Officials: Insurgents and Security Forces Clash in Tal Afar in Northwest

Iraqi officials said insurgents launched a dawn raid on Tal Afar, in northwestern Iraq near the Syrian border, on Sunday.

“The situation is disastrous in Tal Afar. There is crazy fighting and most families are trapped inside houses, they can’t leave town,” a local official said. “If the fighting continues, a mass killing among civilians could result.”

Residents in Sunni districts accused Shia police and army forces of launching mortars at their areas, prompting ISIS forces near Tal Afar to move into it.

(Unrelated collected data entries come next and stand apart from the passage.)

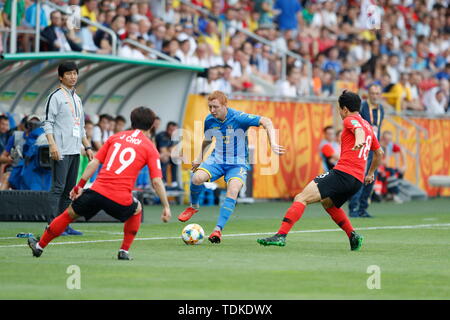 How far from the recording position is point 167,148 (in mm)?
23484

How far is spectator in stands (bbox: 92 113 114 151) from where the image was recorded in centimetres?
2186

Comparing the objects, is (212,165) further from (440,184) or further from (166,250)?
(440,184)

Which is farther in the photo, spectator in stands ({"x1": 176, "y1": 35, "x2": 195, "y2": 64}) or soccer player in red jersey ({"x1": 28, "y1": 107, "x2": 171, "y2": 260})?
spectator in stands ({"x1": 176, "y1": 35, "x2": 195, "y2": 64})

A member of the Government;s Security Committee said Iraqi forces are using helicopter gunships against insurgents on the outskirts of the town.

Tal Afar, inhabited largely by members of the Turkmen community, is 60 km (37 miles) from Iraq’s second city Mosul, which insurgents captured on Tuesday.

Bomb Kills 9 & Injures 23 in Baghdad

A bomb in central Baghdad killed at least nine people and wounded 23 on Sunday.

An Interior Ministry official said the explosion was a roadside bomb, while a police colonel said that blast was followed by a suicide bombing.

Insurgent Leader: Islamic State of Iraq Are “Barbarians” & We Are Stronger Than Them

Muzhir al Qaisi, a spokesman for the General Military Council of the Iraqi Revolutionaries, talks to the BBC about the capture of Mosul.

Al Qaisi explains why his group entered Iraq’s second-largest city alongside the Islamic State of Iraq and as-Sham but says ISIS are “barbarians”. He says local people and imams are refusing the version of Sharia law put forth by ISIS.

The insurgent leader explains the need for his faction and other tribal groups in the fight against the Iraqi Government, saying ISIS have only about 1,000 fighters. He declares that his group is “stronger” than ISIS: “We are organized. We fight with rules and with the Geneva Convention.”

Top Shia Cleric Sistani Calls on All Iraqis To “Steer Clear of Sectarian Discourse”

Iraq’s leading Shia cleric, Grand Ayatollah Ali Sistani, has called on all Iraqis to exercise “the highest possible level of self-restraint during this tumultuous period”.

Sistani’s statement on Saturday followed his declaration on Friday, through a representative, that people should support the fight against the insurgency “through official channels“.

The cleric reiterated that Iraqis should “refrain from militant acts that are outside legal frameworks”, and he urged them “to steer clear of sectarian and untamed nationalistic discourse that is to the detriment of Iraq’s national unity”.